*** Opening Information provided ***
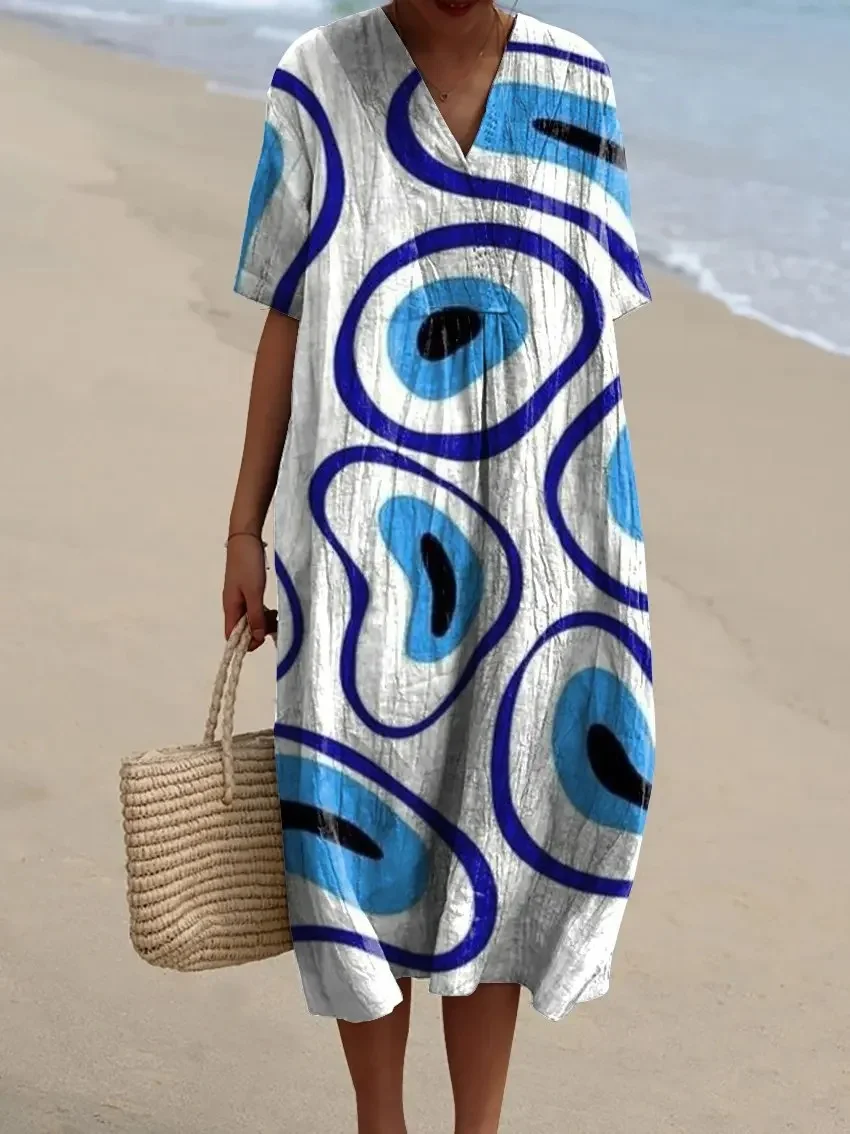 Dames Lange Jurk V-hals Korte Mouwen Gestreept Kleurblok - Afbeelding 9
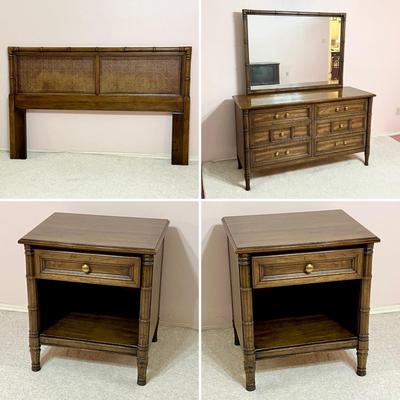 HENREDON ~ Five (5) Piece Sold Wood Full / Queen Bedroom Suite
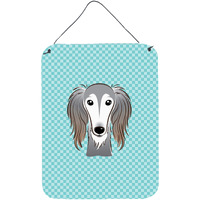"Caroline's Treasures Checkerboard Blue Saluki Wall or Door Hanging Prints, 16"" x 12"""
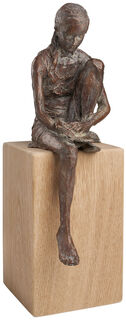 Sculpture "Reading Girl" (version avec piédestal), bronze
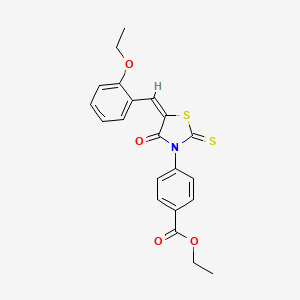 molecular formula C21H19NO4S2 B3646662 ethyl 4-[5-(2-ethoxybenzylidene)-4-oxo-2-thioxo-1,3-thiazolidin-3-yl]benzoate 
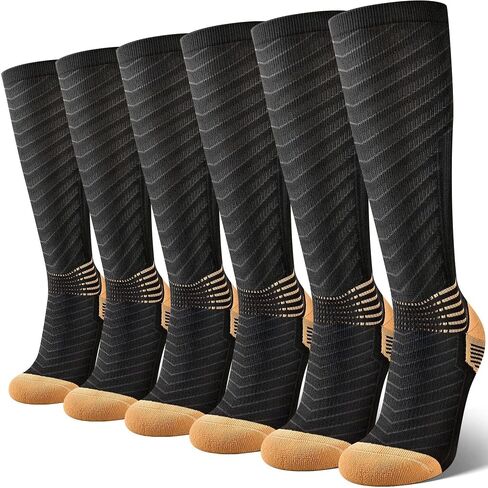 IRAMY Copper Compression Socks Women Men 20-30 mmHg Ankle Support V-Shape Compression Coolmax Wicking Knee High Socks in Saudi Arabia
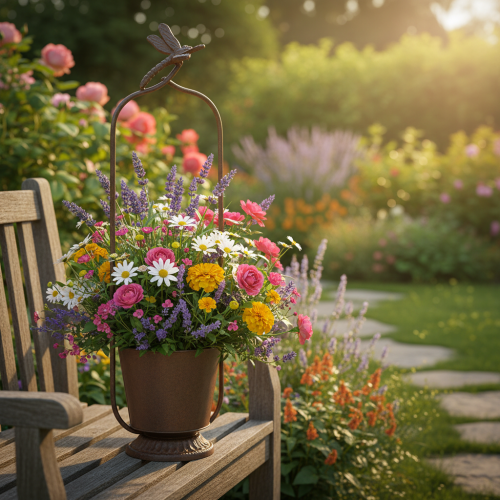 Artikel Vintage kruka med spaljé, trollsländedesign, metall, Ø16/H62cm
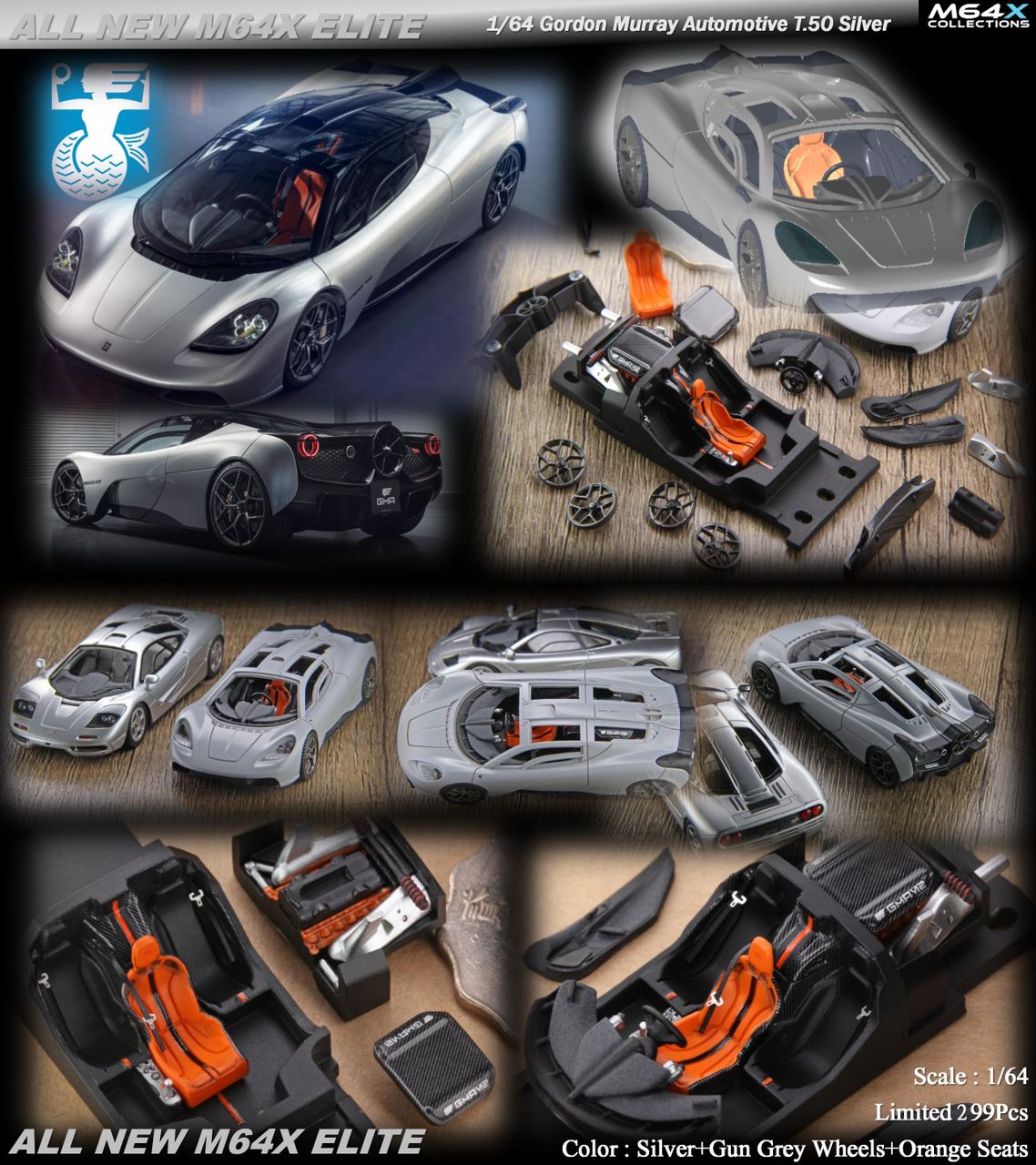 Silver Lot57Supplies GMA T.50 diecast model in 1:64 scale, detailed miniature car with realistic features and sleek design.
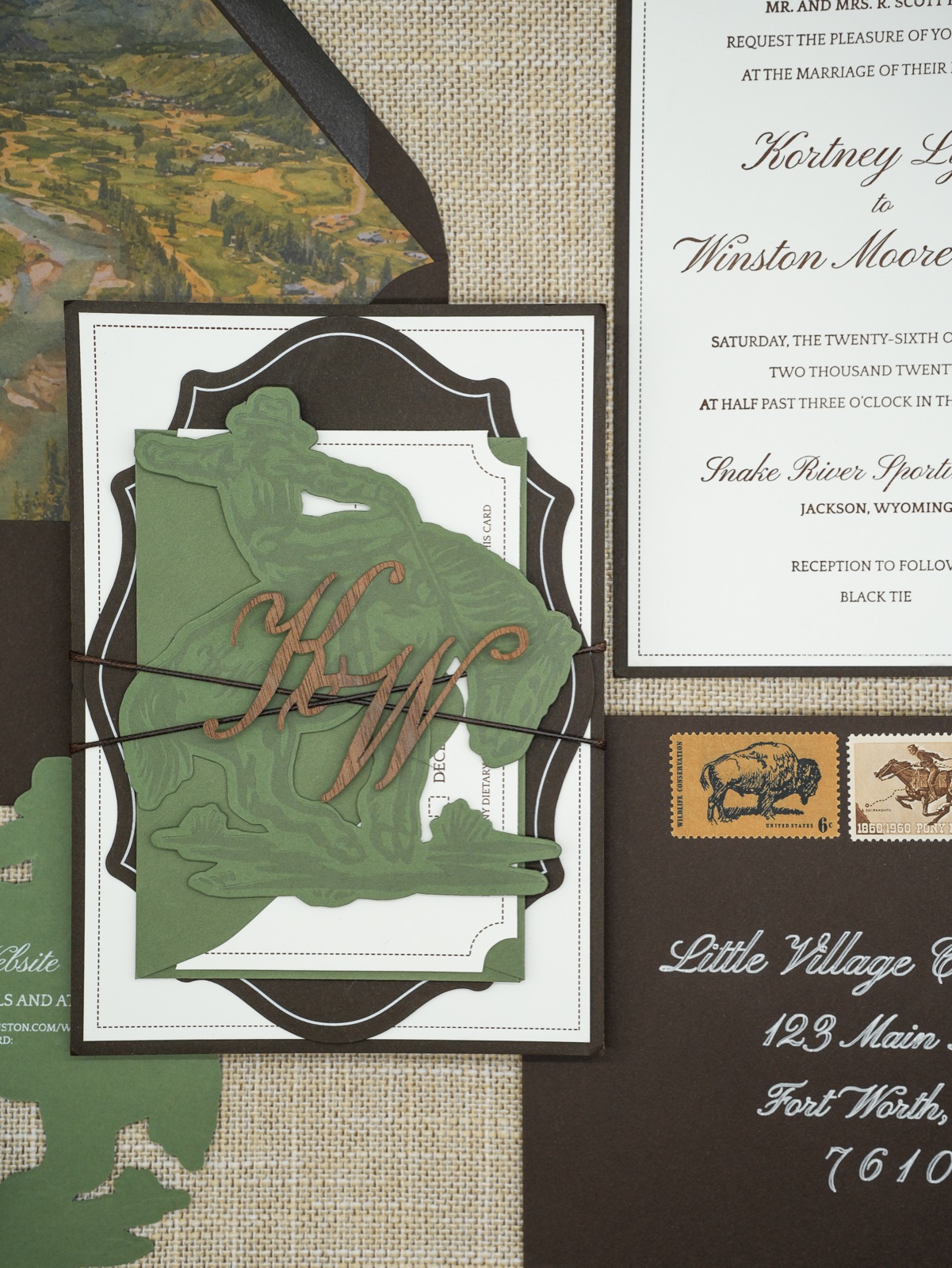 The bundled stack beside the invitation and vintage-stamped envelope.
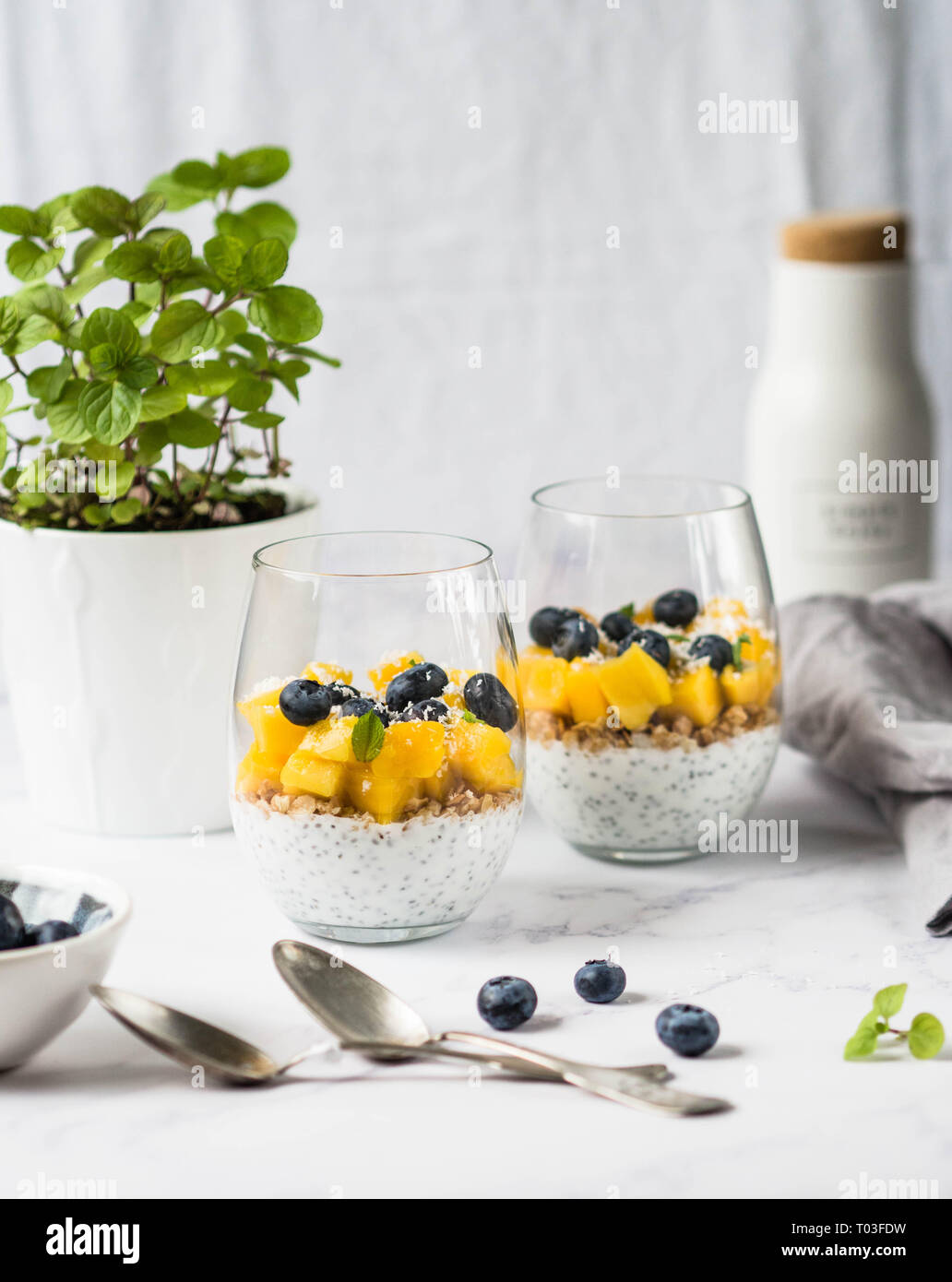 Chia, yogurt, muesli, mango, mirtilli e scaglie di noce di cocco, poche gocce di miele e menta in bicchieri Foto Stock
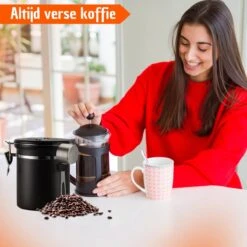 Koffie Bewaarbus Luchtdicht Met CO2 Uitlaat - Koffieblik Bewaarblik Voor 500 Gr Koffiebonen - Zwart - 1.2L -Mepal shop 1200x1200 2249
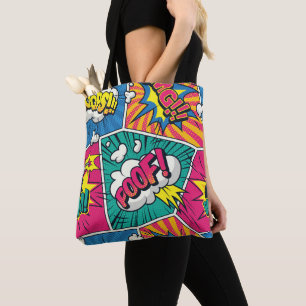Bolsa Tote Arte Pop Explosiva de Quadrinhos Retrô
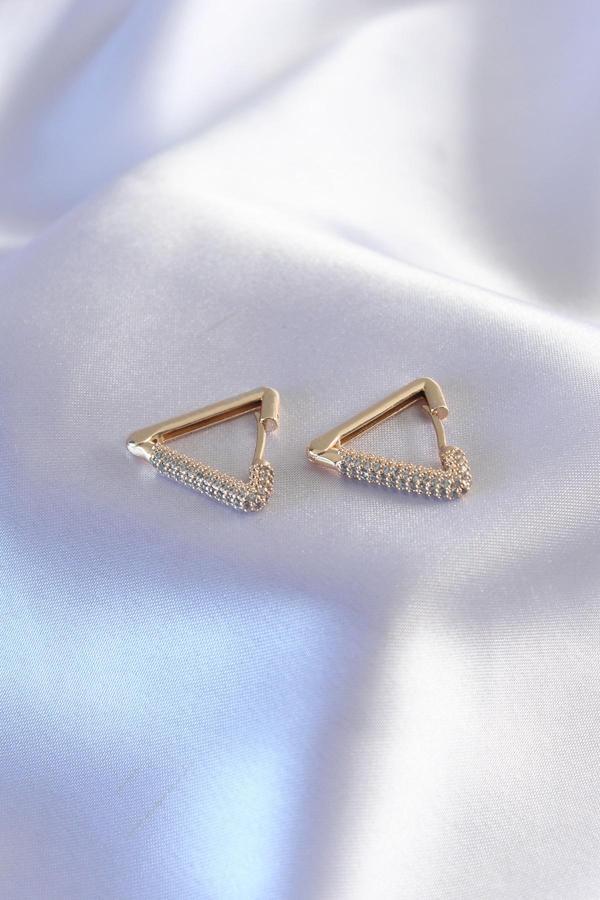 Gold Renk Zirkon Taşlı Üçgen Model Kadın Küpe - Image 1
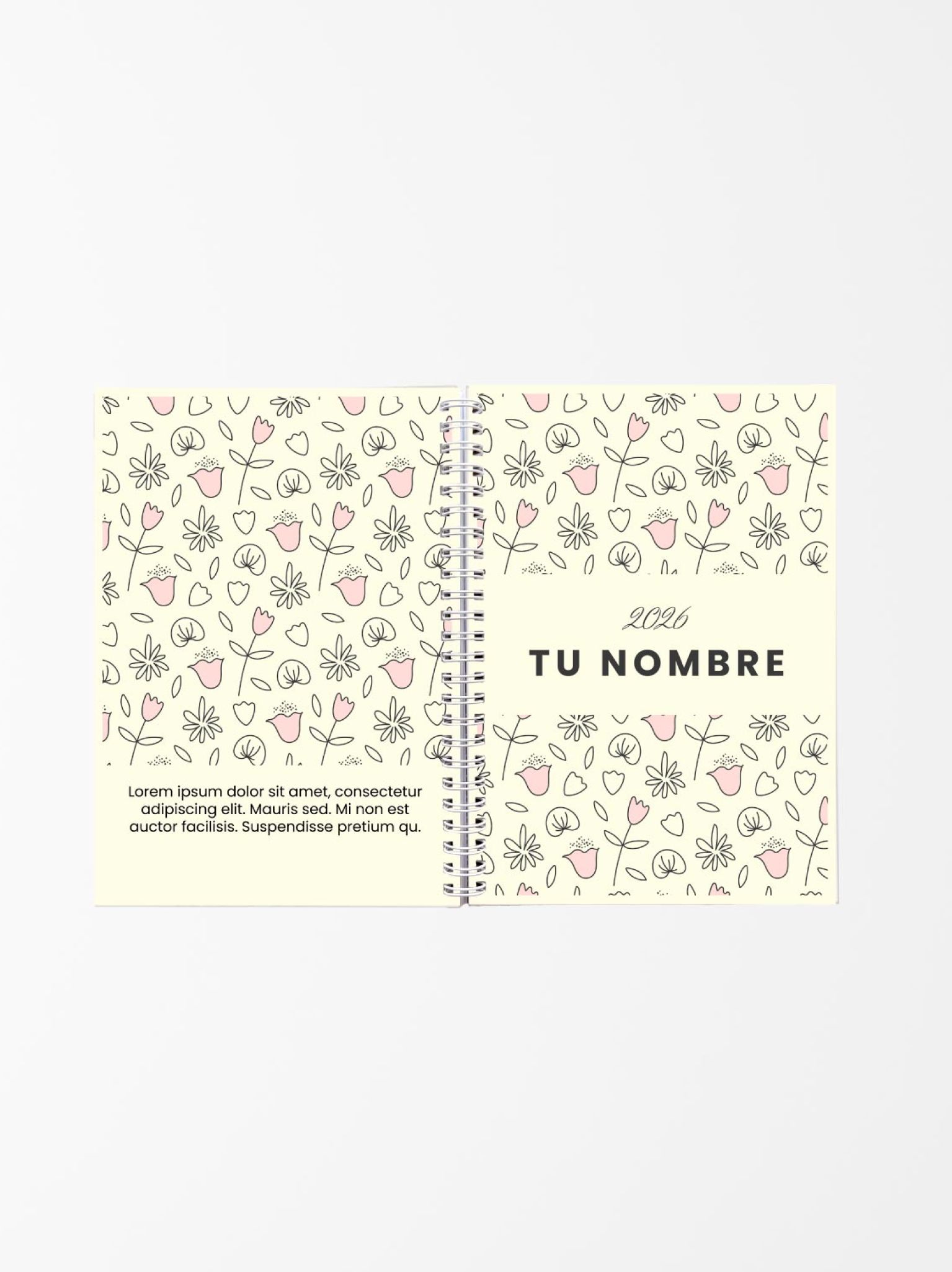 vista abierta de agenda personalizada con estampado de flores lineales en tonos suaves, encuadernada con espiral blanca y texto “Tu Nombre 2026”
*** Closing Information provided ***
Task directions |
Once the line holding "Chia, yogurt, muesli, mango, mirtilli" is found, set down that line and every line after it, exactly, through the last line of the records above, omitting pictures.

Answer space |
 Chia, yogurt, muesli, mango, mirtilli e scaglie di noce di cocco, poche gocce di miele e menta in bicchieri Foto Stock
 Koffie Bewaarbus Luchtdicht Met CO2 Uitlaat - Koffieblik Bewaarblik Voor 500 Gr Koffiebonen - Zwart - 1.2L -Mepal shop 1200x1200 2249
Bolsa Tote Arte Pop Explosiva de Quadrinhos Retrô
 Gold Renk Zirkon Taşlı Üçgen Model Kadın Küpe - Image 1
 vista abierta de agenda personalizada con estampado de flores lineales en tonos suaves, encuadernada con espiral blanca y texto “Tu Nombre 2026”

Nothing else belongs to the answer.